Leaving pictures aside, set down each line exactly, from the first line of the data to the line with "Good Morning Trump GIF by PEEKASSO", both included.

---

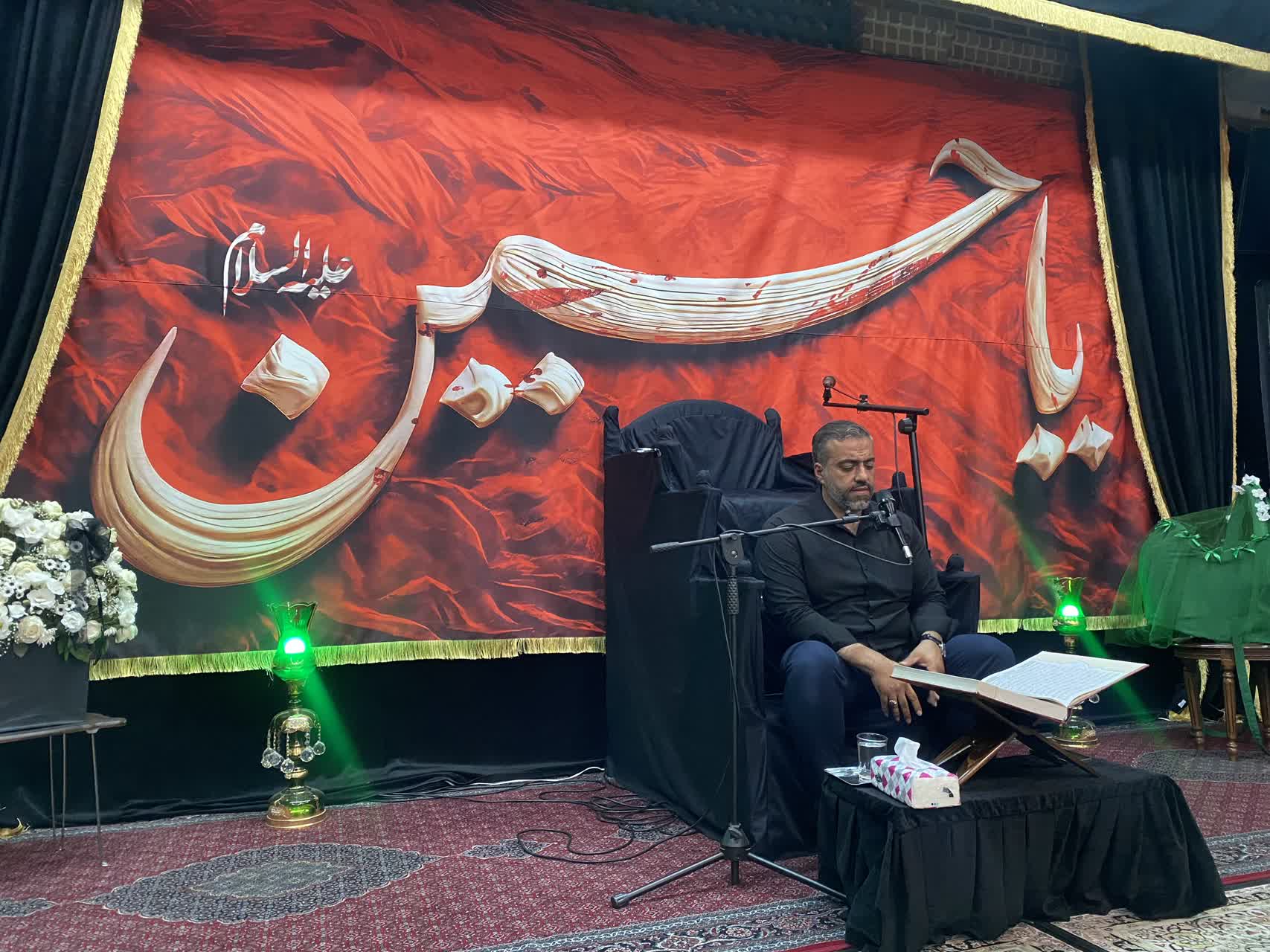 گزارش تصویری مراسم روز هشتم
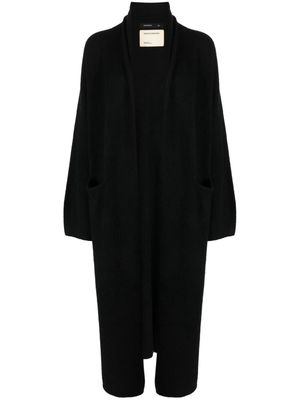 Frenckenberger long-sleeve cashgora cardigan - Black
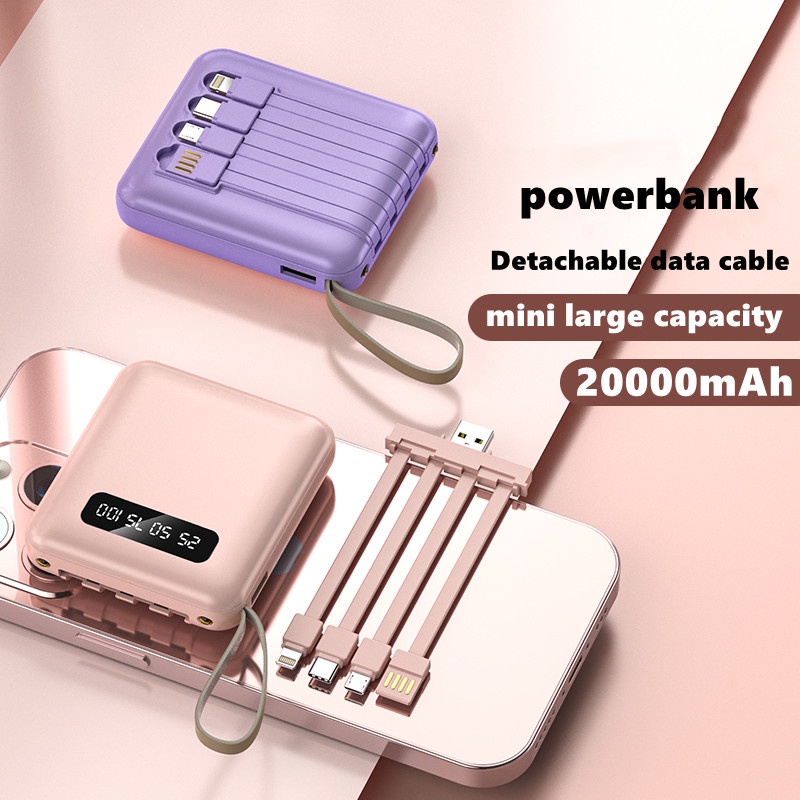 Sạc dự phòng YM493s 20000mAh 3 đầu ra với dây cáp Type-C thích hợp cho ip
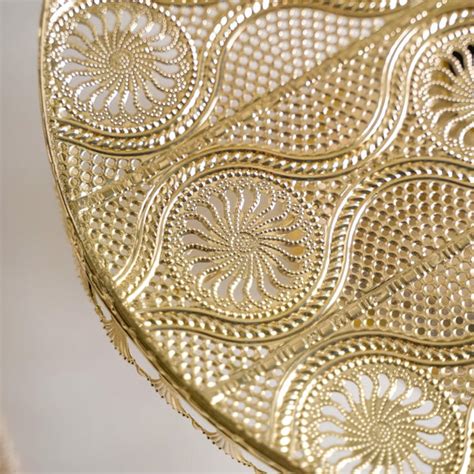 Filigree Metal Cake Stand Gold Online - Premium Cake Stand | Nestasia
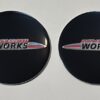 original.jpeg 4 pcs (Set) 56mm - 2.20inch Black John Cooper Works Wheel Center Hub Caps Stickers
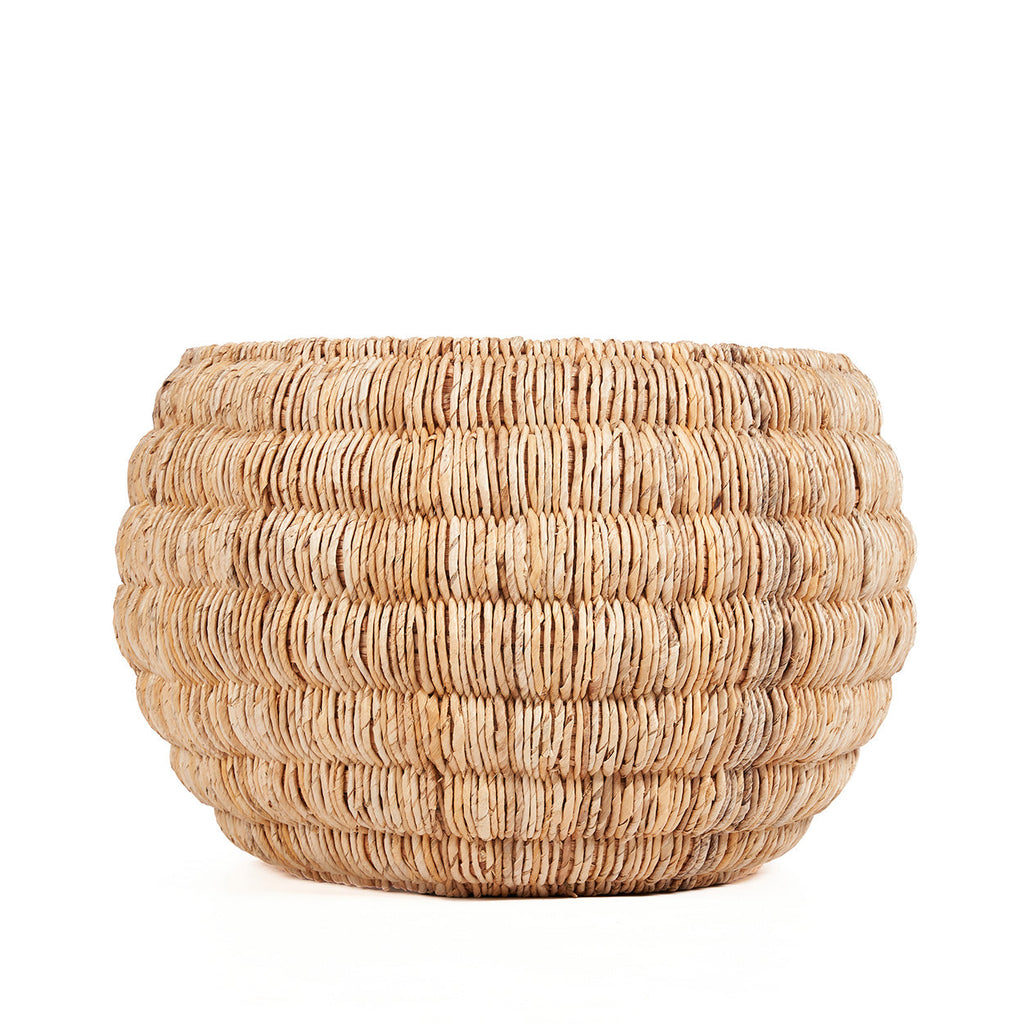 Bazar Bizar Bananenblad Mand Tatum Naturel Ø58 x H37 cm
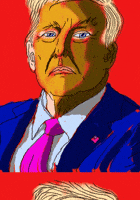 Good Morning Trump GIF by PEEKASSO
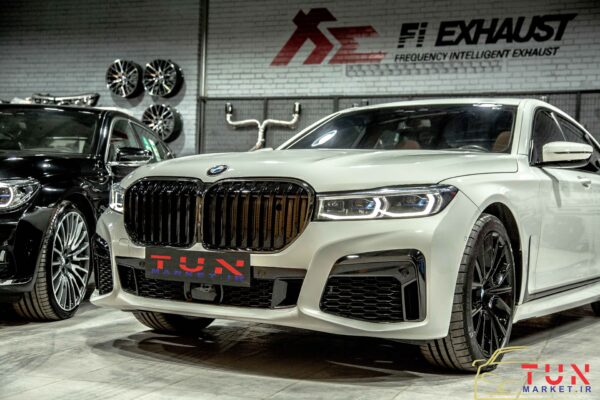 نمای بغل فیس لیفت 730 تکامل بی ام و 730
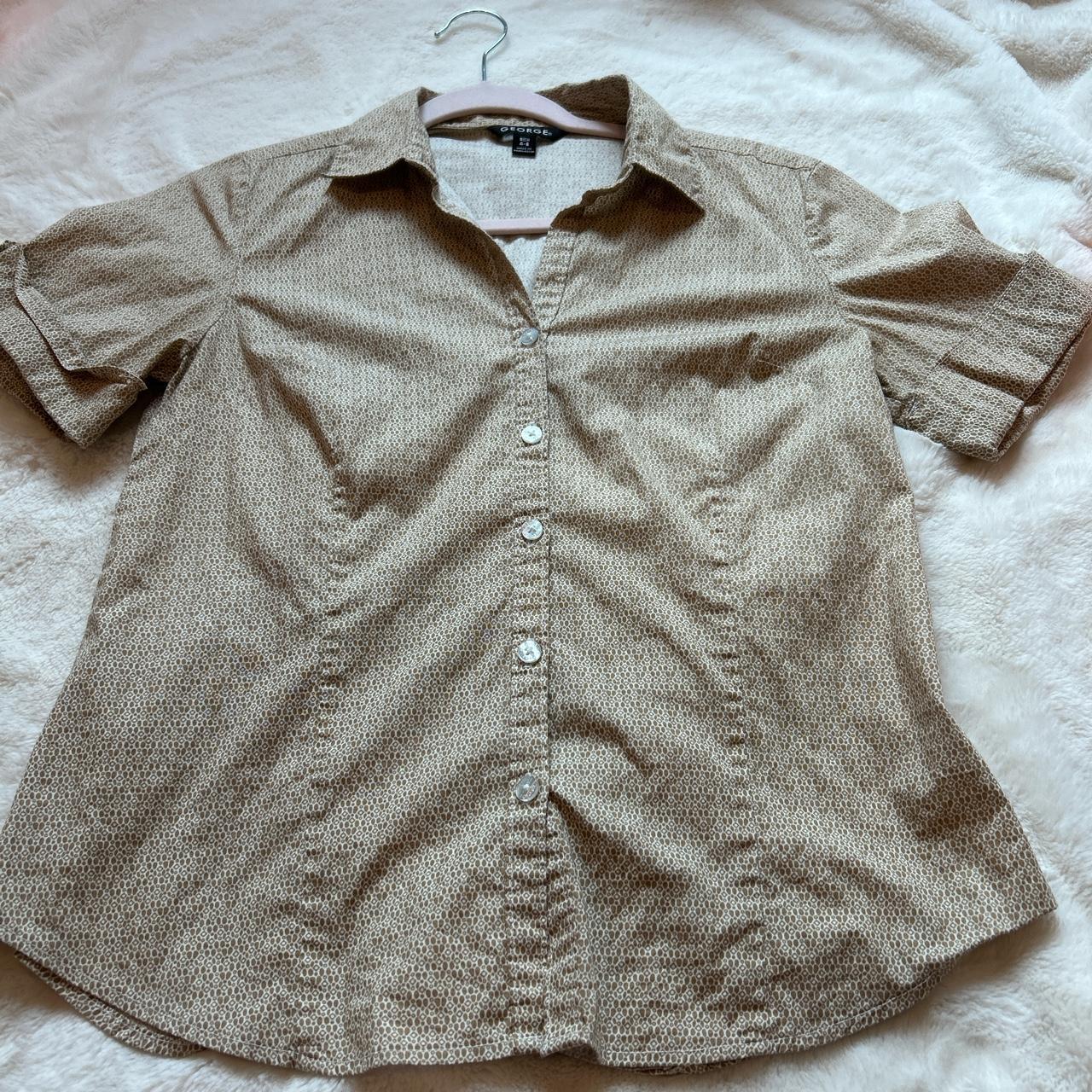 GEORGE Button up 🙈🙈 Size S 4-6 #buttonup #george... - Depop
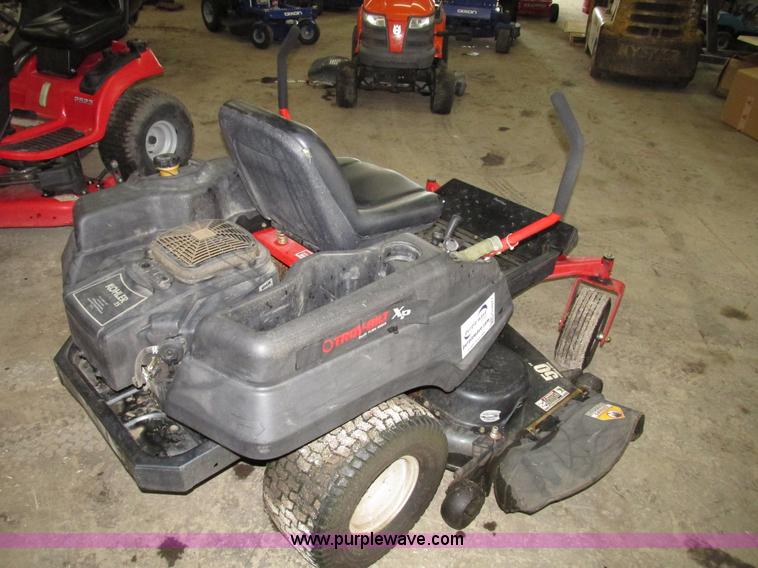 image for item G9971 Troy-Bilt ZTRXP50 Mustang ZTR riding lawn mower
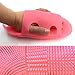 Silicone Body Scrubber, Soft Exfoliating Brush Shower Bathing Washing Glove Pad Sponge for Body Exfoliation and Massage, Easy to Use,More Hygienic, Suit for Sensitive and All Kinds of Skins(Pink)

---

SOLUTION FOR THIS TASK:
 گزارش تصویری مراسم روز هشتم
 Frenckenberger long-sleeve cashgora cardigan - Black
 Sạc dự phòng YM493s 20000mAh 3 đầu ra với dây cáp Type-C thích hợp cho ip
 Filigree Metal Cake Stand Gold Online - Premium Cake Stand | Nestasia
 original.jpeg 4 pcs (Set) 56mm - 2.20inch Black John Cooper Works Wheel Center Hub Caps Stickers
 Bazar Bizar Bananenblad Mand Tatum Naturel Ø58 x H37 cm
 Good Morning Trump GIF by PEEKASSO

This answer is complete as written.